:: Material to process

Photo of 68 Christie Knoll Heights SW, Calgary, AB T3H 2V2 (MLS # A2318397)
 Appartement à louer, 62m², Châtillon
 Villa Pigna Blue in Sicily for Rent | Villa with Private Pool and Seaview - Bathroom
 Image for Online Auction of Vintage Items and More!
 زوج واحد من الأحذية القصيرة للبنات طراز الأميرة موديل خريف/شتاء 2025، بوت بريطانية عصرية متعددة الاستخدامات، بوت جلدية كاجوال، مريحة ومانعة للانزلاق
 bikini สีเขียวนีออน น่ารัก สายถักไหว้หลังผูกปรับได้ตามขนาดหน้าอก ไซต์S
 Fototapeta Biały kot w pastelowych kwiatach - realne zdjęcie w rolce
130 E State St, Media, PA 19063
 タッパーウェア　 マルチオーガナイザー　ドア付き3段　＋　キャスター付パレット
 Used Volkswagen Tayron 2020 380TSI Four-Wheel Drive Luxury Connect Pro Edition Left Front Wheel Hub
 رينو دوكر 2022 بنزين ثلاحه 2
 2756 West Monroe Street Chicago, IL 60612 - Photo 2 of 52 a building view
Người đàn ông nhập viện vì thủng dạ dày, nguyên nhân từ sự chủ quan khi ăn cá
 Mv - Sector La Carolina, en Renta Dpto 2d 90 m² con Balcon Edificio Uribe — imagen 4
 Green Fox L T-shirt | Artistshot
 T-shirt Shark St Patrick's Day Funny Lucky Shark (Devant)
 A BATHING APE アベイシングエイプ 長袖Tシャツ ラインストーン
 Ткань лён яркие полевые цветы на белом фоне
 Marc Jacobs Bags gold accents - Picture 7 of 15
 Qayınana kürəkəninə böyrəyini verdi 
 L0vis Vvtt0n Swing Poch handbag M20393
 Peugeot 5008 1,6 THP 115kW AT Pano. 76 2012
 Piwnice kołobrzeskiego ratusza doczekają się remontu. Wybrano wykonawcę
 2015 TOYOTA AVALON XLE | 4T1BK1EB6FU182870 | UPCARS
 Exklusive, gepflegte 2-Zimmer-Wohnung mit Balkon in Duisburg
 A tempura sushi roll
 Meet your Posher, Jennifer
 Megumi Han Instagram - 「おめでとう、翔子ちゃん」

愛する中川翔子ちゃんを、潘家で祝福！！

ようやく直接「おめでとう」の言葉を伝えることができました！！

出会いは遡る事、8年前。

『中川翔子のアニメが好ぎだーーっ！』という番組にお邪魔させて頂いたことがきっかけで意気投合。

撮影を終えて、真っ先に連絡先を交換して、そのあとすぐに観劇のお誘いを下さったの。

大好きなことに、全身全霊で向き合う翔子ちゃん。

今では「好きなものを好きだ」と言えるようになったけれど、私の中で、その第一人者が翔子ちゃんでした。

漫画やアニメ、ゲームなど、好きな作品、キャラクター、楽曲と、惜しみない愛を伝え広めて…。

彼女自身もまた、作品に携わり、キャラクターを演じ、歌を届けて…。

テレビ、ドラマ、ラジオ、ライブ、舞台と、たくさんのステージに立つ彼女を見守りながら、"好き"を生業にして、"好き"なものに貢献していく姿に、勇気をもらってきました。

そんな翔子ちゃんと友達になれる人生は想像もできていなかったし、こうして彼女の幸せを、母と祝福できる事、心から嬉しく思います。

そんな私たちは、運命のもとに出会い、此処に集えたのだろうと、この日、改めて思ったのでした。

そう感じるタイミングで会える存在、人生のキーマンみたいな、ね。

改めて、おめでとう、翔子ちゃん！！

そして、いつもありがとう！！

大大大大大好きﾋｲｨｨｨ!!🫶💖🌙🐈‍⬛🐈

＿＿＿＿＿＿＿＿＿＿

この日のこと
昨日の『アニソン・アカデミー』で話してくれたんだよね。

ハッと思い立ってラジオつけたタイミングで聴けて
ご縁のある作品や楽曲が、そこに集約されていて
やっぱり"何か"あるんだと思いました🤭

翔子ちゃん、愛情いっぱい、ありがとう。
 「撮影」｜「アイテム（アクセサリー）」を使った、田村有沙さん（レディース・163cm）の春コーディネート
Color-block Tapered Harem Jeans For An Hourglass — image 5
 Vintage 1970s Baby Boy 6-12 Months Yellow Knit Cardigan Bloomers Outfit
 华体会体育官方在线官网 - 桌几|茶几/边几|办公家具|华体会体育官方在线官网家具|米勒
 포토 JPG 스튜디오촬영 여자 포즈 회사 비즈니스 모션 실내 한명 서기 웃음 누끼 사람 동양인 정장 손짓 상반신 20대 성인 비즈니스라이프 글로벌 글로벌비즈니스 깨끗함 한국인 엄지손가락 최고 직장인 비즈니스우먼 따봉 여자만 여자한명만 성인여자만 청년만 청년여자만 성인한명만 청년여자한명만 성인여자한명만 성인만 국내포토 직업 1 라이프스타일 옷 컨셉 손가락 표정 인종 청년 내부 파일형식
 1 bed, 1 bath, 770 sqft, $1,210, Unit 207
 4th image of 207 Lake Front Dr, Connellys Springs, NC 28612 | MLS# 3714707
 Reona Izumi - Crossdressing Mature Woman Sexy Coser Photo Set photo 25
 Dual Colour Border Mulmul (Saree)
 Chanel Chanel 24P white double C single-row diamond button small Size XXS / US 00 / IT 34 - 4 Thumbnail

::::

**Work item**
Retype the records above, but only those lines that fall between the line containing "1 bed, 1 bath, 770 sqft, $1,210, Unit 207" and the line containing "Dual Colour Border Mulmul (Saree)", with both of those lines included, exactly as written.

**Worked solution**
 1 bed, 1 bath, 770 sqft, $1,210, Unit 207
 4th image of 207 Lake Front Dr, Connellys Springs, NC 28612 | MLS# 3714707
 Reona Izumi - Crossdressing Mature Woman Sexy Coser Photo Set photo 25
 Dual Colour Border Mulmul (Saree)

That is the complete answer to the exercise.